(What the task requires): Repeat every entry exactly. Do not include the pictures.

Web page caption snippets
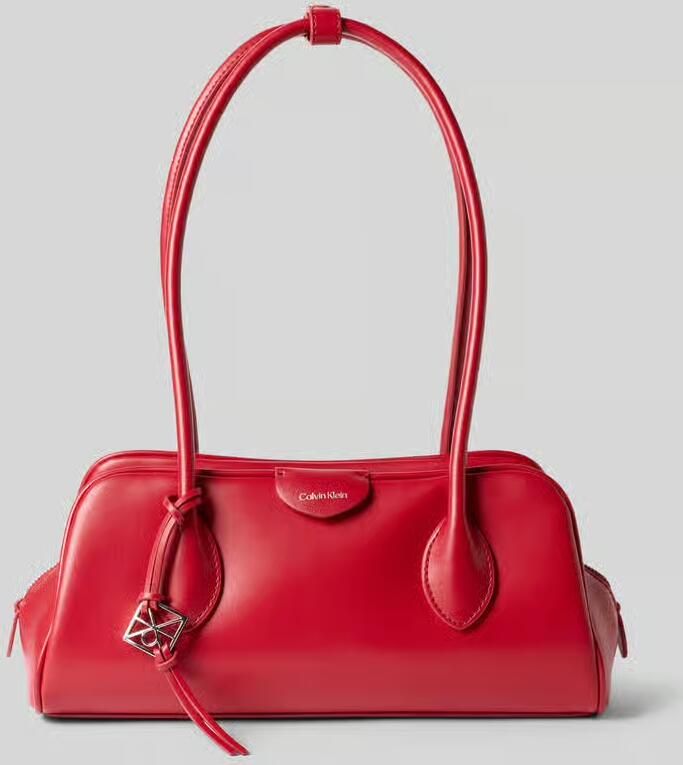 CK Calvin Klein Handtas met label in reliëf model 'EMBLEM TRIO SHOULDER BAG' - Foto 2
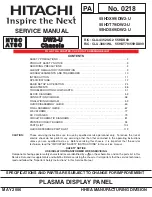 Preview for 2 page of Hitachi 42HDT79 - UltraVision CineForm - 42" Plasma TV Service Manual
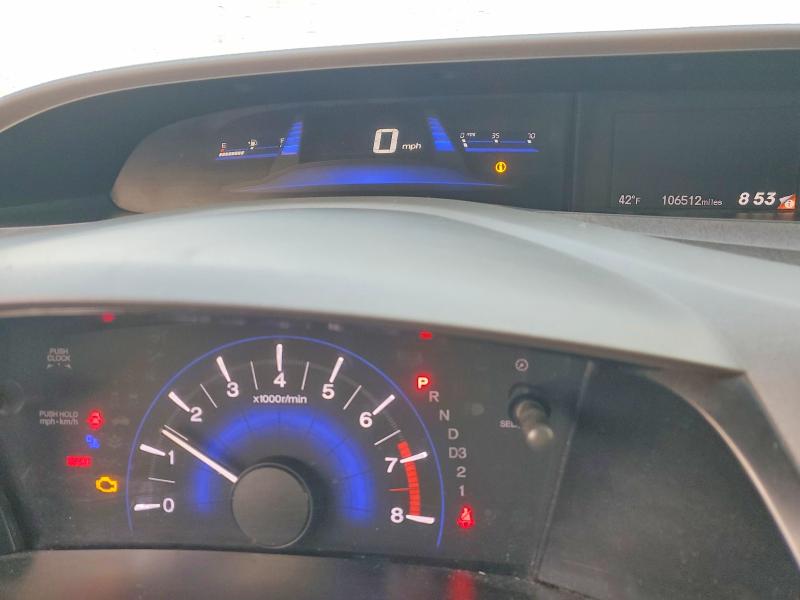 Photo 9 from auction – 2012 HONDA CIVIC with VIN 19XFB2F86CE319301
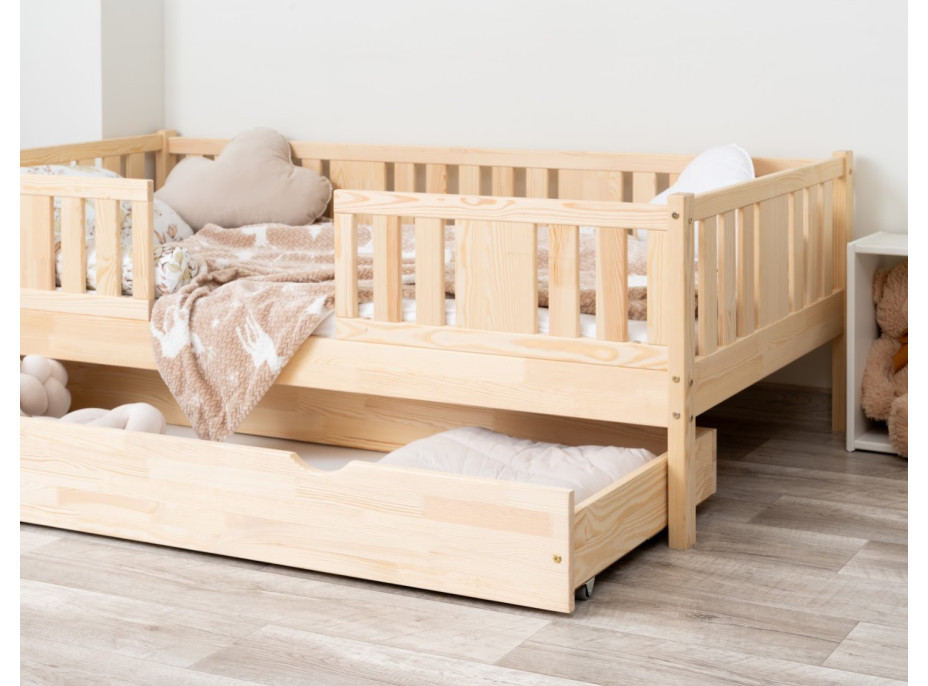 Detská posteľ z masívu borovice NIKO 20 - 200x90 cm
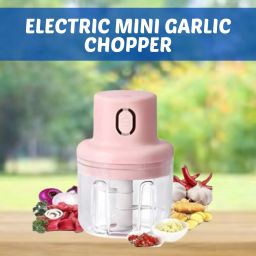 Chopper (Electric Rechargeable Chopper) for Kitchen Vegetable Garlic Onion W179 Electric Vegetable & Fruit Chopper-image-69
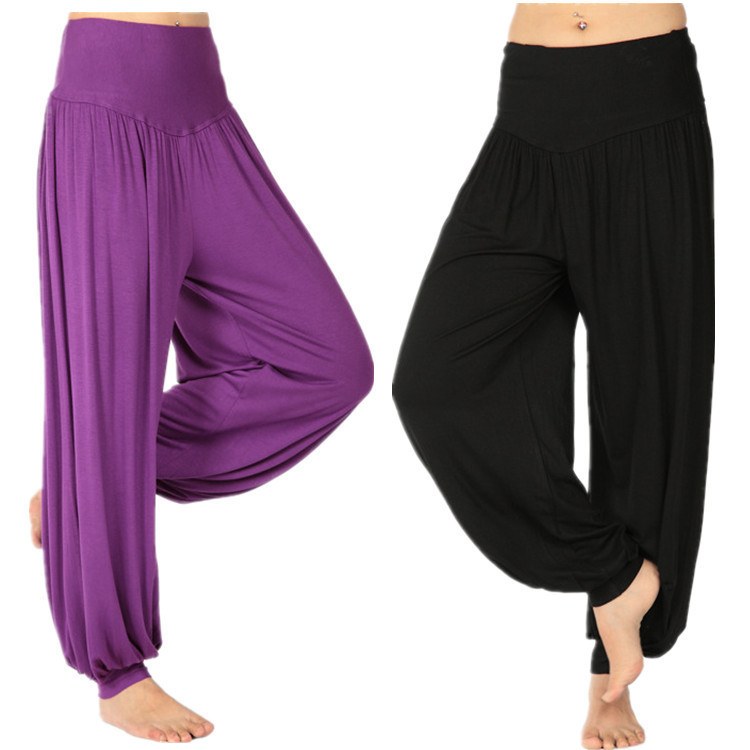 New genuine goods Modal Fitness Comfortable and Generous Loose Yoga Pants Tai Chi Pants Nose Dance Pants Bloomers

(Task output):
 CK Calvin Klein Handtas met label in reliëf model 'EMBLEM TRIO SHOULDER BAG' - Foto 2
 Preview for 2 page of Hitachi 42HDT79 - UltraVision CineForm - 42" Plasma TV Service Manual
 Photo 9 from auction – 2012 HONDA CIVIC with VIN 19XFB2F86CE319301
 Detská posteľ z masívu borovice NIKO 20 - 200x90 cm
 Chopper (Electric Rechargeable Chopper) for Kitchen Vegetable Garlic Onion W179 Electric Vegetable & Fruit Chopper-image-69
 New genuine goods Modal Fitness Comfortable and Generous Loose Yoga Pants Tai Chi Pants Nose Dance Pants Bloomers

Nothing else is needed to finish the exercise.